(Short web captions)

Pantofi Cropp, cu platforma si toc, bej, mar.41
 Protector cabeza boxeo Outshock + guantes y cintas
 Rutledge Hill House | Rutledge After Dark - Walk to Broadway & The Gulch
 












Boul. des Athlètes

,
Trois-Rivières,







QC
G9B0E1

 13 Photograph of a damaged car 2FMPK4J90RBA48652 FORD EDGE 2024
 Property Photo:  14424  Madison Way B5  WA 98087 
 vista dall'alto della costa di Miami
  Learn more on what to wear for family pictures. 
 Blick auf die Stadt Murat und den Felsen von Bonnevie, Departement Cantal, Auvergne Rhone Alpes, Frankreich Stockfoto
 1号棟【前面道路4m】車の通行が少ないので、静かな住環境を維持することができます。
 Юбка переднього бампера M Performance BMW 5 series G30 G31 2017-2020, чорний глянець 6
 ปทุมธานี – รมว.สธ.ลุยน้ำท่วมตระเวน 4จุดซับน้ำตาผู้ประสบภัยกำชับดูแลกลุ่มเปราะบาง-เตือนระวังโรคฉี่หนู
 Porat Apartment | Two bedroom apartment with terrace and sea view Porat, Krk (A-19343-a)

→ Description of the task
Every entry above should be transcribed exactly and in full.

→ Response to the exercise
Pantofi Cropp, cu platforma si toc, bej, mar.41
 Protector cabeza boxeo Outshock + guantes y cintas
 Rutledge Hill House | Rutledge After Dark - Walk to Broadway & The Gulch
 












Boul. des Athlètes

,
Trois-Rivières,







QC
G9B0E1

 13 Photograph of a damaged car 2FMPK4J90RBA48652 FORD EDGE 2024
 Property Photo:  14424  Madison Way B5  WA 98087 
 vista dall'alto della costa di Miami
  Learn more on what to wear for family pictures. 
 Blick auf die Stadt Murat und den Felsen von Bonnevie, Departement Cantal, Auvergne Rhone Alpes, Frankreich Stockfoto
 1号棟【前面道路4m】車の通行が少ないので、静かな住環境を維持することができます。
 Юбка переднього бампера M Performance BMW 5 series G30 G31 2017-2020, чорний глянець 6
 ปทุมธานี – รมว.สธ.ลุยน้ำท่วมตระเวน 4จุดซับน้ำตาผู้ประสบภัยกำชับดูแลกลุ่มเปราะบาง-เตือนระวังโรคฉี่หนู
 Porat Apartment | Two bedroom apartment with terrace and sea view Porat, Krk (A-19343-a)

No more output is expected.